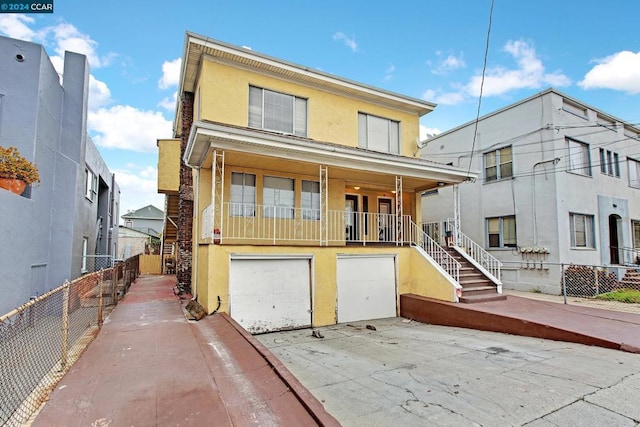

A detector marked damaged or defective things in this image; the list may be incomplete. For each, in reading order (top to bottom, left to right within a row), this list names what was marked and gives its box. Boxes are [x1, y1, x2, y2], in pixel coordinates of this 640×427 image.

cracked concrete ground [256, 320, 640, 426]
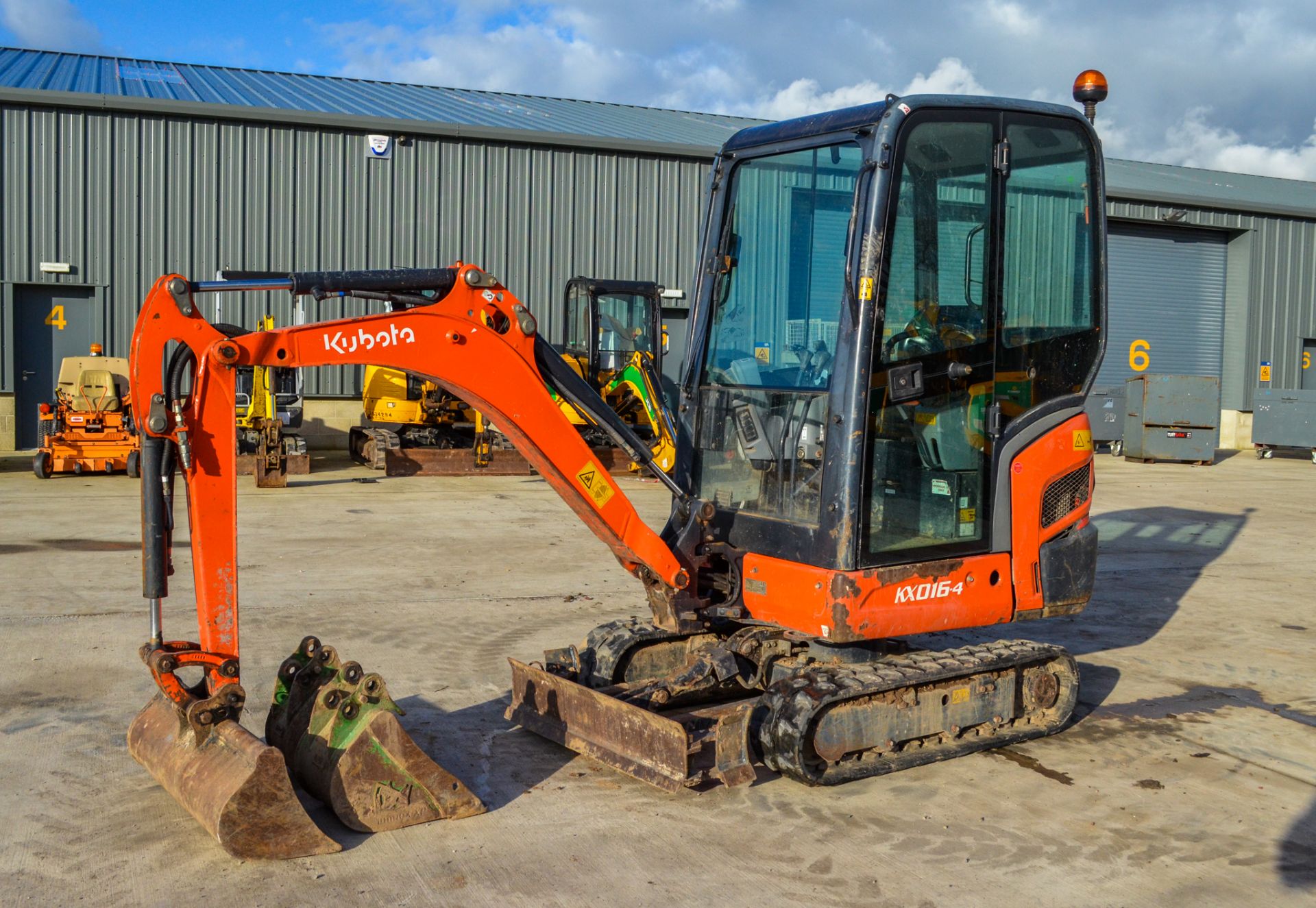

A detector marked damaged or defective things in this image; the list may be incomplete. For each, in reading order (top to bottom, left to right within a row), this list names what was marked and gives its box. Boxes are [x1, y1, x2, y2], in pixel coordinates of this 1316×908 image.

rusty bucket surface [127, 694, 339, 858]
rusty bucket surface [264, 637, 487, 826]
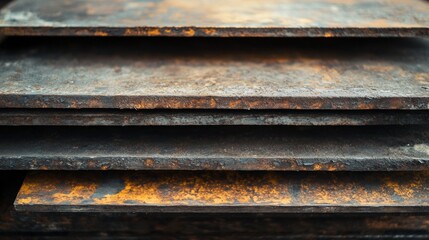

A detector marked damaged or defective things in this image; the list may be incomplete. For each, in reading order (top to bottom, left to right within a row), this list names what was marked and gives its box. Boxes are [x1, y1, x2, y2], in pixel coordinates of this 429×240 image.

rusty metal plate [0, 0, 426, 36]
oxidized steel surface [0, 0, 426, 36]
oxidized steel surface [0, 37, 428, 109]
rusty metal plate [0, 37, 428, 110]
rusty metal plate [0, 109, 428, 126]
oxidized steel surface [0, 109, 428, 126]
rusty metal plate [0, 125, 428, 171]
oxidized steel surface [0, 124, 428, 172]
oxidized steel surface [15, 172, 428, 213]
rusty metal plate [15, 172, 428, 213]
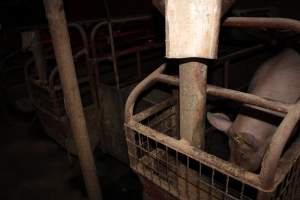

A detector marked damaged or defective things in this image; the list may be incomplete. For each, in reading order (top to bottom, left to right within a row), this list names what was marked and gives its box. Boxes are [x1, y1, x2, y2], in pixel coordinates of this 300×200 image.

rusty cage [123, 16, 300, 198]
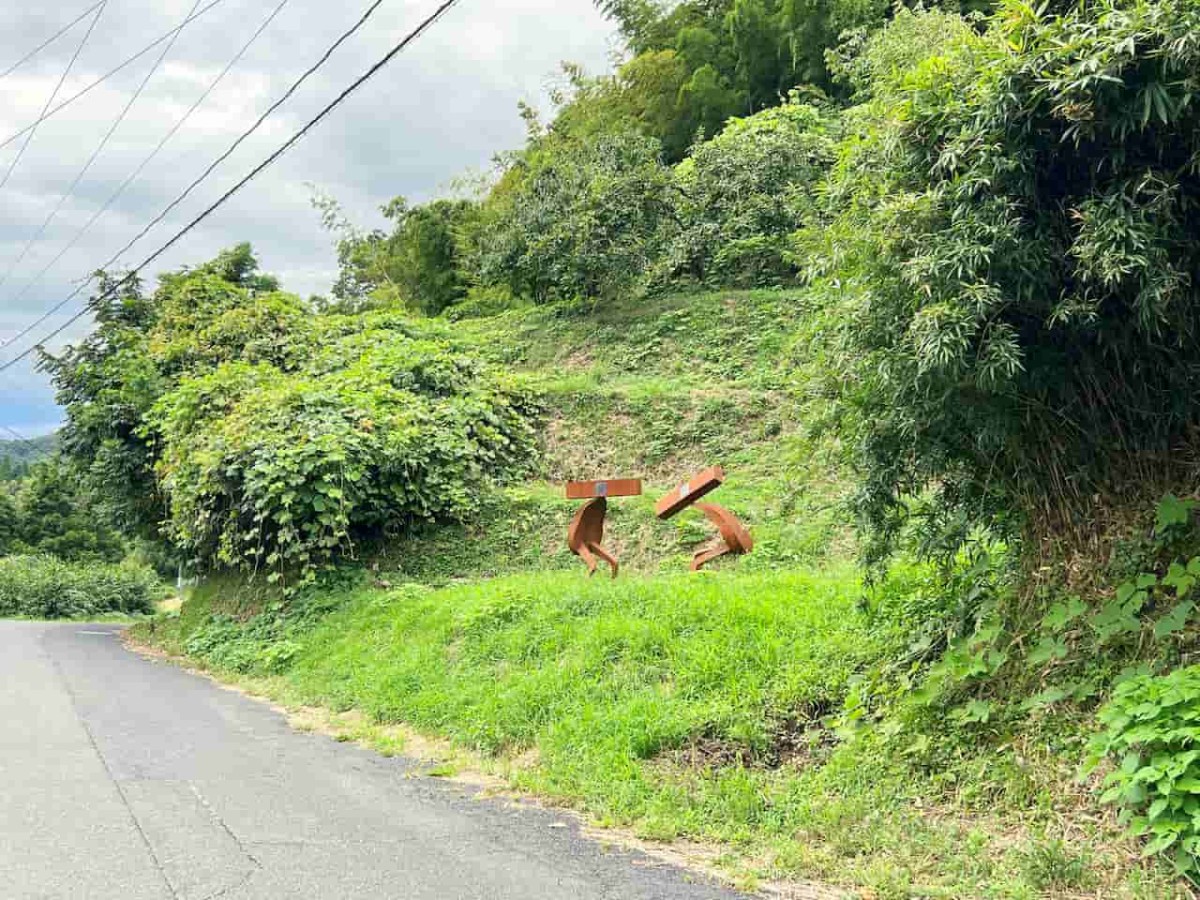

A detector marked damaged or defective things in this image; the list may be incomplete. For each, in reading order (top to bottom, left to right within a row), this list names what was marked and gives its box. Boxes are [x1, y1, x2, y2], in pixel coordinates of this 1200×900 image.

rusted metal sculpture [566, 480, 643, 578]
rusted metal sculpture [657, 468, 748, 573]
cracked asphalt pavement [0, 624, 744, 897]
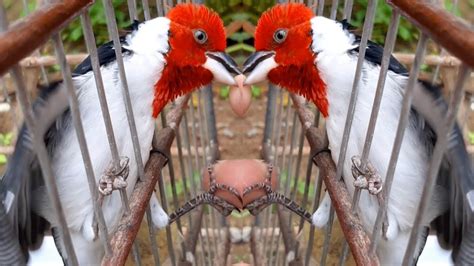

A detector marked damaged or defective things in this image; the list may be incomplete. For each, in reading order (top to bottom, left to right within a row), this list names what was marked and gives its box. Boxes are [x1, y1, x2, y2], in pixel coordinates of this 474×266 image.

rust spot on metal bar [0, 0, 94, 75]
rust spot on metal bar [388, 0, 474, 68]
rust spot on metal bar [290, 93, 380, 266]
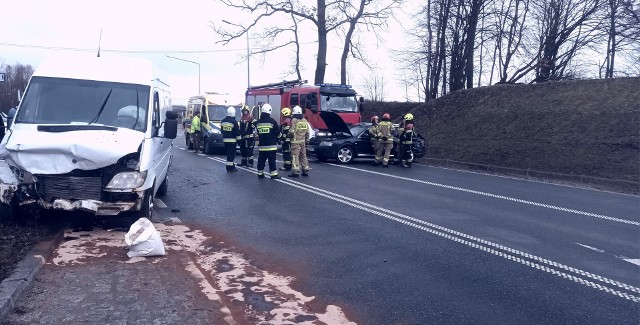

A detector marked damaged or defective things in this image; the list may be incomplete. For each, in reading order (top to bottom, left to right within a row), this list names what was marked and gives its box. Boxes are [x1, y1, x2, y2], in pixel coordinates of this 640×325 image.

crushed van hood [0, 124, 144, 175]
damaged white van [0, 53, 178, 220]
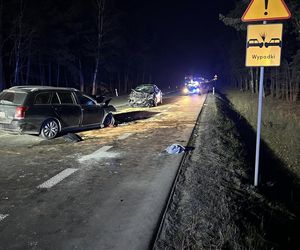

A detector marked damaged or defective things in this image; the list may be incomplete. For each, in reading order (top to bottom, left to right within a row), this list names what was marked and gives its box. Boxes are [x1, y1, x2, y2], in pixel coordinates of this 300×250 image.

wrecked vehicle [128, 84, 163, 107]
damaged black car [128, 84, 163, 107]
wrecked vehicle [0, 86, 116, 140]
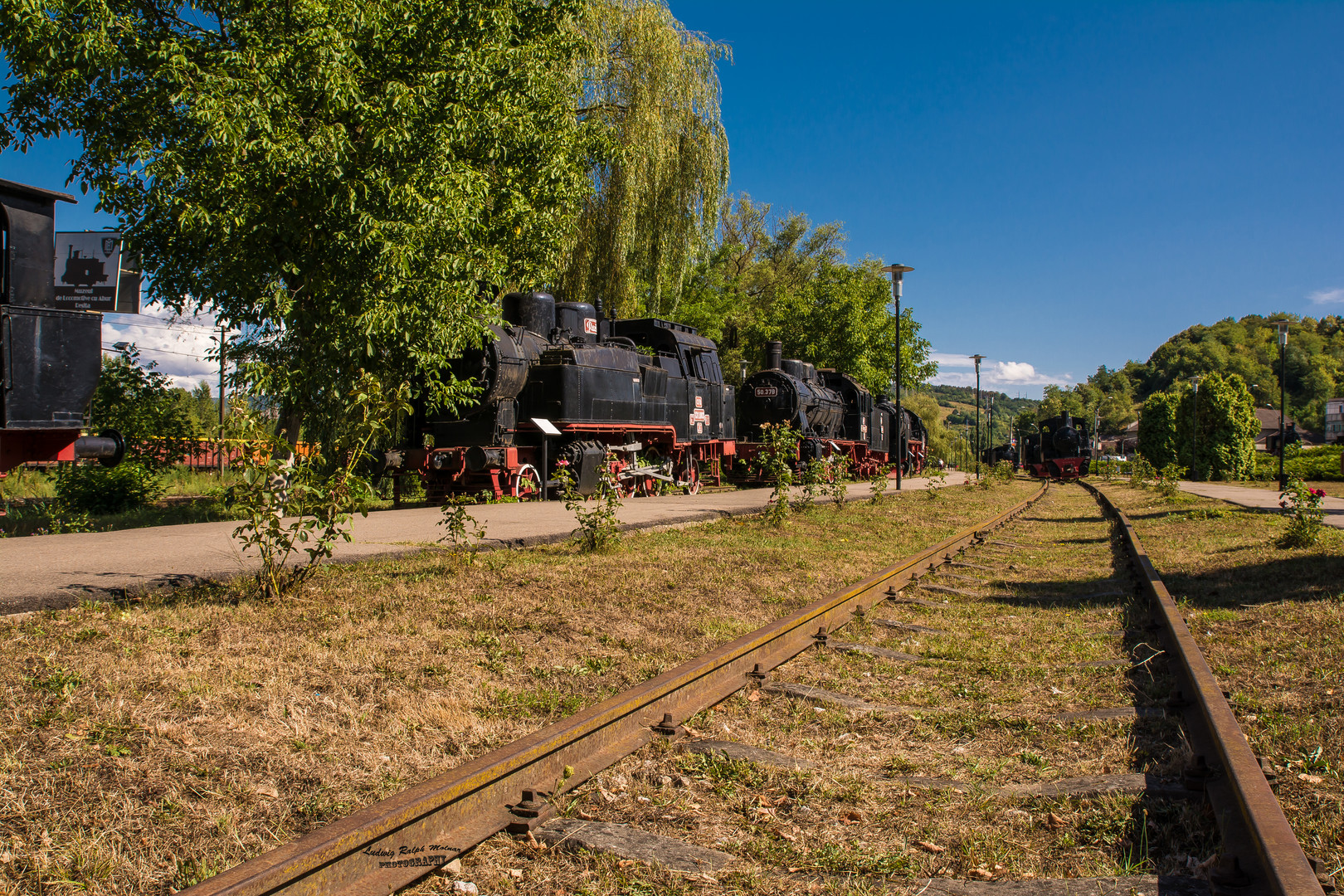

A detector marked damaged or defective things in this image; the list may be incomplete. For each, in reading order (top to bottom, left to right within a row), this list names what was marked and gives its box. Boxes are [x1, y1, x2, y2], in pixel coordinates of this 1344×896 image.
|---|
• [Exercise requirements]:
No pictures belong in the copy. Transcribe every entry exactly.

• [Written response]:
A detector marked damaged or defective things in this image; the list may be incomplete. For each, in reading order (top to bottom, left to right within a row), this list names what was marked and gives its box. Boxes are [x1, y1, x2, y2], in pixel coordinates of this 640×427 image.

cracked concrete ground [256, 320, 640, 426]

A detector marked damaged or defective things in this image; the list may be incomplete. For each, in reading order (top to bottom, left to right within a row), this list names what was marked and gives its box. Boxes are [x1, y1, x2, y2], in pixel coordinates of this 1316×908 image.

rusty bucket surface [127, 694, 339, 858]
rusty bucket surface [264, 637, 487, 826]

A detector marked damaged or defective things in this image; the list may be incomplete. For each, in reading order (top to bottom, left to right within a row), this list names what was marked and gives its box. Boxes are [x1, y1, x2, y2], in pixel coordinates of this 429×240 image.

rusty metal plate [0, 0, 426, 36]
oxidized steel surface [0, 0, 426, 36]
oxidized steel surface [0, 37, 428, 109]
rusty metal plate [0, 37, 428, 110]
rusty metal plate [0, 109, 428, 126]
oxidized steel surface [0, 109, 428, 126]
rusty metal plate [0, 125, 428, 171]
oxidized steel surface [0, 124, 428, 172]
oxidized steel surface [15, 172, 428, 213]
rusty metal plate [15, 172, 428, 213]

A detector marked damaged or defective things in this image; the list may be incomplete. For each, in reading order (top to bottom, left to right within a row), this list names what was marked and gives its box. Boxes are [x1, y1, x2, y2], in pixel coordinates of this 300×200 image.

rusty cage [123, 16, 300, 198]

A detector marked damaged or defective things in this image; the list may be incomplete. For each, in reading order (top to bottom, left to right within a row), this list names what was marked and gives its box. Boxes are [x1, y1, x2, y2], in pixel coordinates of this 1200×900 image.

rusted metal sculpture [566, 480, 643, 578]
rusted metal sculpture [657, 468, 748, 573]
cracked asphalt pavement [0, 624, 744, 897]

A detector marked damaged or defective things in this image; the list may be incomplete. For each, in reading order (top to bottom, left to right within a row), this list names what was marked and gives its box. Boxes are [x1, y1, x2, y2], in pixel coordinates of this 474×266 image.

rust spot on metal bar [0, 0, 94, 75]
rust spot on metal bar [388, 0, 474, 68]
rust spot on metal bar [290, 93, 380, 266]

A detector marked damaged or defective things in this image; the list may be incomplete. For each, in reading order (top to bottom, left to right within a row), this list names what was marked and gives its box. Boxes are [x1, y1, x2, y2], in pixel coordinates of this 640×325 image.

crushed van hood [0, 124, 144, 175]
damaged white van [0, 53, 178, 220]

A detector marked damaged or defective things in this image; the list may be incomplete. For each, in reading order (top to bottom, left to right within a row), this list names what was marked and gives its box. Boxes are [x1, y1, x2, y2], in pixel coordinates of this 300×250 image.

wrecked vehicle [128, 84, 163, 107]
damaged black car [128, 84, 163, 107]
wrecked vehicle [0, 86, 116, 140]

A detector marked damaged or defective things in this image; the list may be incomplete. For each, in reading order (top to bottom, left to right within a row), this list names what was marked and gives its box. Boxes are [x1, y1, x2, y2], in pixel coordinates of this 1344×896 image.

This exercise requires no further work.